Tim: Eu acho que, de certa forma, ele é um disco desse salto. Como se subisse no muro e desse esse salto e a gente não sabe pra onde. Então ele é um disco muito sobre o fim de tudo que veio até aqui. Pra gente entender que acabou essa fase da nossa vida, sabe? Então não estamos cantando mais sobre ciclos, fim de ciclos pequenos, sabe? De dois em dois anos, ou de um relacionamento, de alguma outra coisa. Realmente esse disco tá falando da coisa como um todo. Do ciclo maior. Então é um disco muito sobre o fim, das coisas deixadas pra trás e qual é o clima dessa despedida também, que é um clima com muita esperança do futuro, de vontade, de tudo isso. Parece que pela primeira vez é um disco que ele marca o fim de uma fase toda de formação, quase uma colação de grau do Terno.
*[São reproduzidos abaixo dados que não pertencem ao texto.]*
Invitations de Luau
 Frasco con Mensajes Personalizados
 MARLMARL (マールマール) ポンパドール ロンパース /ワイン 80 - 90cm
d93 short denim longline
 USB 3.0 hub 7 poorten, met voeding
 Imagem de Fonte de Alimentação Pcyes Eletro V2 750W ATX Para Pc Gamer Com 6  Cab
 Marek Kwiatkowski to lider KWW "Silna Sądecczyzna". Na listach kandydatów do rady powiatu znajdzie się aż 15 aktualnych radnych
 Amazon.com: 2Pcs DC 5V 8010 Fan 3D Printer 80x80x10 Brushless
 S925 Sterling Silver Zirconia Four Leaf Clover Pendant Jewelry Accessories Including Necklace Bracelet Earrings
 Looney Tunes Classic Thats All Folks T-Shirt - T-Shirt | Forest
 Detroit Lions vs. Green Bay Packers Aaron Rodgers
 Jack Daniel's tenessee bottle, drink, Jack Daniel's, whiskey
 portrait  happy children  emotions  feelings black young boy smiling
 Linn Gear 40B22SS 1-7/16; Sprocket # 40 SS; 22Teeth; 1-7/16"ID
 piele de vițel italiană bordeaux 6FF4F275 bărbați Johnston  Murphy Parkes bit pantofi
Que agora aprendemos muitas coisas com os nossos ídolos, com os nossos pais, com o nosso passado, com as nossas relações, com os nossos amigos. E quem que a gente se tornou. Então agora que a gente se tornou uma pessoa assim, um ser humano adulto, livre, pra onde a gente vai? Pra onde a gente quer levar? E aí entra o desconhecido “pra onde vai?”. Pela primeira vez a gente não tá pensando no próximo disco de forma clara assim. A gente não sabe: “agora vamos fazer um disco assim, assado…”. A gente quer fazer um próximo disco, mas não quer pensar a priori, sabe?
Entendi, vocês vão “mergulhar na surpresa” (nome de uma música do Maurício Pereira. Cantor, compositor e pai do Tim Bernardes).
Tim: É (risos)
Inclusive essa referência (na música “Passado/Futuro”) foi emocionante quando eu ouvi a primeira vez.
Tim: Sabe que essa música do meu pai, ele escreveu essa música porque, eu era pequenininho, devia ter uns 2 ou 3 anos e a gente foi pra um sítio, de não lembro quem, e tinha uma represa e eu falei: “Pai, amanhã a gente pode mergulhar na surpresa?”. E o menino na música sou eu, né? “imaginando o que o menino quis dizer com ‘mergulhar na surpresa'”. Tem muito a ver com esse salto também. Eu homenageei meu pai e o salto pra eu, não mais como filho, mas como um indivíduo solto.
Ficou ainda mais legal agora a referência, sabendo disso.